This announcement does not constitute a prospectus or prospectus
exempted document.
Overseas Shareholders
This announcement has been prepared in accordance with English
law, the Code, the Market Abuse Regulation, the AIM Rules and the
Disclosure Guidance and Transparency Rules and information
disclosed may not be the same as that which would have been
prepared in accordance with the laws of jurisdictions outside
England.
The availability of the Acquisition to Castleton Technology
Shareholders who are not resident in and citizens of the UK may be
affected by the laws of the relevant jurisdictions in which they
are located or of which they are citizens. Persons who are not
resident in the UK should inform themselves of, and observe, any
applicable legal or regulatory requirements of their jurisdictions.
In particular, the ability of persons who are not resident in the
United Kingdom to vote their Castleton Technology Shares with
respect to the Scheme at the Court Meeting, or to appoint another
person as proxy to vote at the Court Meeting on their behalf, may
be affected by the laws of the relevant jurisdictions in which they
are located. Any failure to comply with the applicable restrictions
may constitute a violation of the securities laws of any such
jurisdiction. To the fullest extent permitted by applicable law,
the companies and persons involved in the Acquisition disclaim any
responsibility or liability for the violation of such restrictions
by any person. Further details in relation to Overseas Shareholders
will be contained in the Scheme Document.
Unless otherwise determined by Bidco or required by the Code,
and permitted by applicable law and regulation, the Acquisition
will not be made available, directly or indirectly, in, into or
from a Restricted Jurisdiction where to do so would violate the
laws in that jurisdiction and no person may vote in favour of the
Scheme by any such use, means, instrumentality or from within a
Restricted Jurisdiction or any other jurisdiction if to do so would
constitute a violation of the laws of that jurisdiction.

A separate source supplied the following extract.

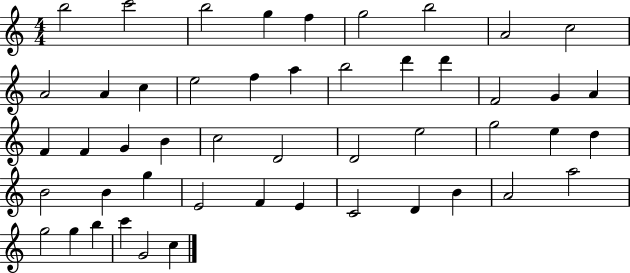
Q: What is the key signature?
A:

Copies of
this announcement and any formal documentation relating to the
Acquisition are not being, and must not be, directly or indirectly,
mailed or otherwise forwarded, distributed or sent in or into or
from any Restricted Jurisdiction and persons receiving such
documents (including custodians, nominees and trustees) must not
mail or otherwise forward, distribute or send it in or into or from
any Restricted Jurisdiction. Doing so may render invalid any
related purported vote in respect of the Acquisition. If the
Acquisition is implemented by way of an Offer (unless otherwise
permitted by applicable law and regulation), the Offer may not be
made directly or indirectly, in or into, or by the use of mails or
any means or instrumentality (including, but not limited to,
facsimile, e-mail or other electronic transmission, telex or
telephone) of interstate or foreign commerce of, or of any facility
of a national, state or other securities exchange of any Restricted
Jurisdiction and the Offer may not be capable of acceptance by any
such use, means, instrumentality or facilities.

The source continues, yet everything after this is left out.